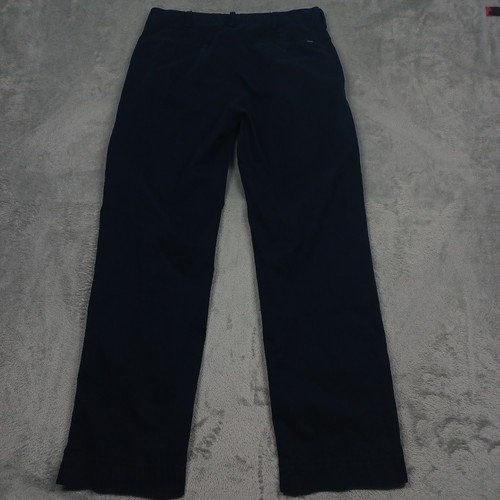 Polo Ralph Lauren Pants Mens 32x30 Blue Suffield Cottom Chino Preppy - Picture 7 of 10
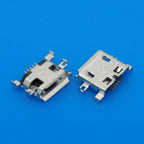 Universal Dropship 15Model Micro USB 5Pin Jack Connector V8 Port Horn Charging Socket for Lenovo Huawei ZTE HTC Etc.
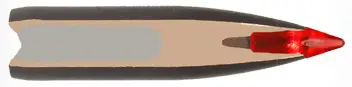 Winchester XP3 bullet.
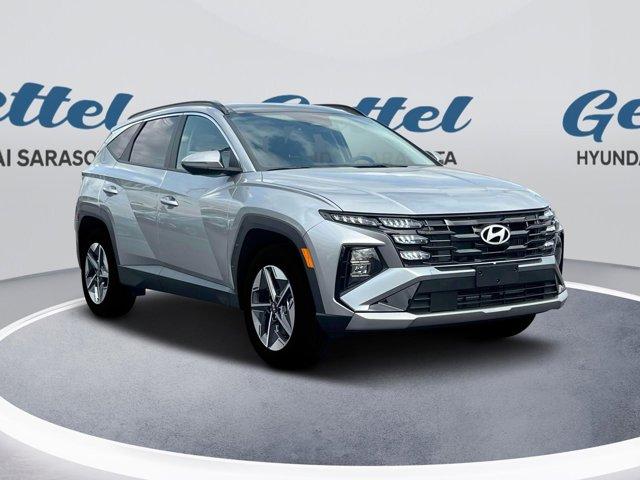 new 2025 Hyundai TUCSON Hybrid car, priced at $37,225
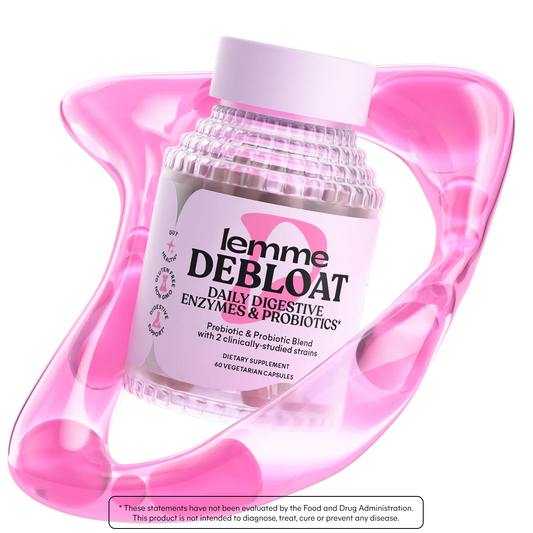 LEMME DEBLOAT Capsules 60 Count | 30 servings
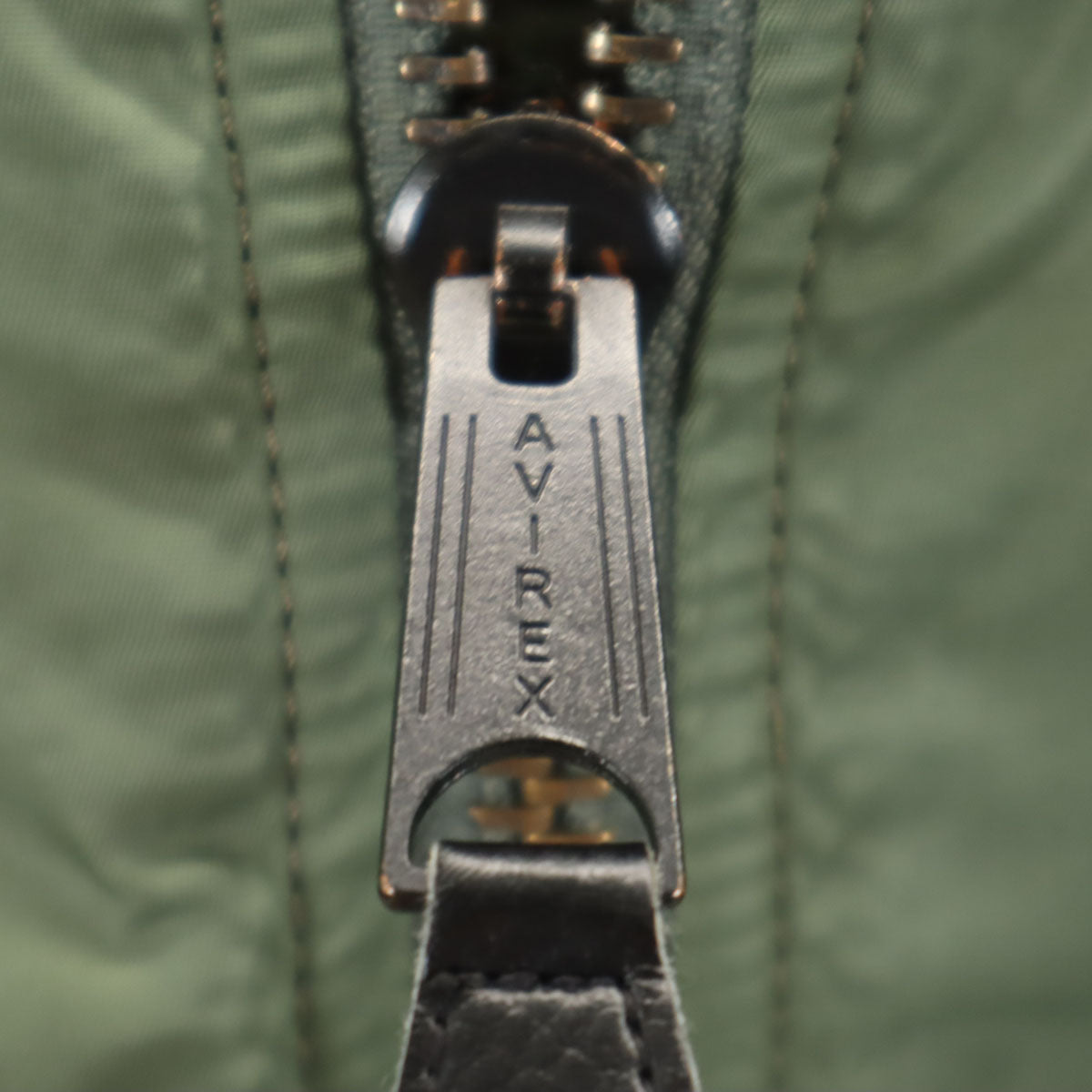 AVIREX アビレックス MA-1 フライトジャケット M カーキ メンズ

****

# PROBLEM DETAILS:
Repeat everything in the records above exactly, except the pictures.

# RESULT OF THIS TASK:
 Polo Ralph Lauren Pants Mens 32x30 Blue Suffield Cottom Chino Preppy - Picture 7 of 10
 Universal Dropship 15Model Micro USB 5Pin Jack Connector V8 Port Horn Charging Socket for Lenovo Huawei ZTE HTC Etc.
 Winchester XP3 bullet.
 new 2025 Hyundai TUCSON Hybrid car, priced at $37,225
 LEMME DEBLOAT Capsules 60 Count | 30 servings
 AVIREX アビレックス MA-1 フライトジャケット M カーキ メンズ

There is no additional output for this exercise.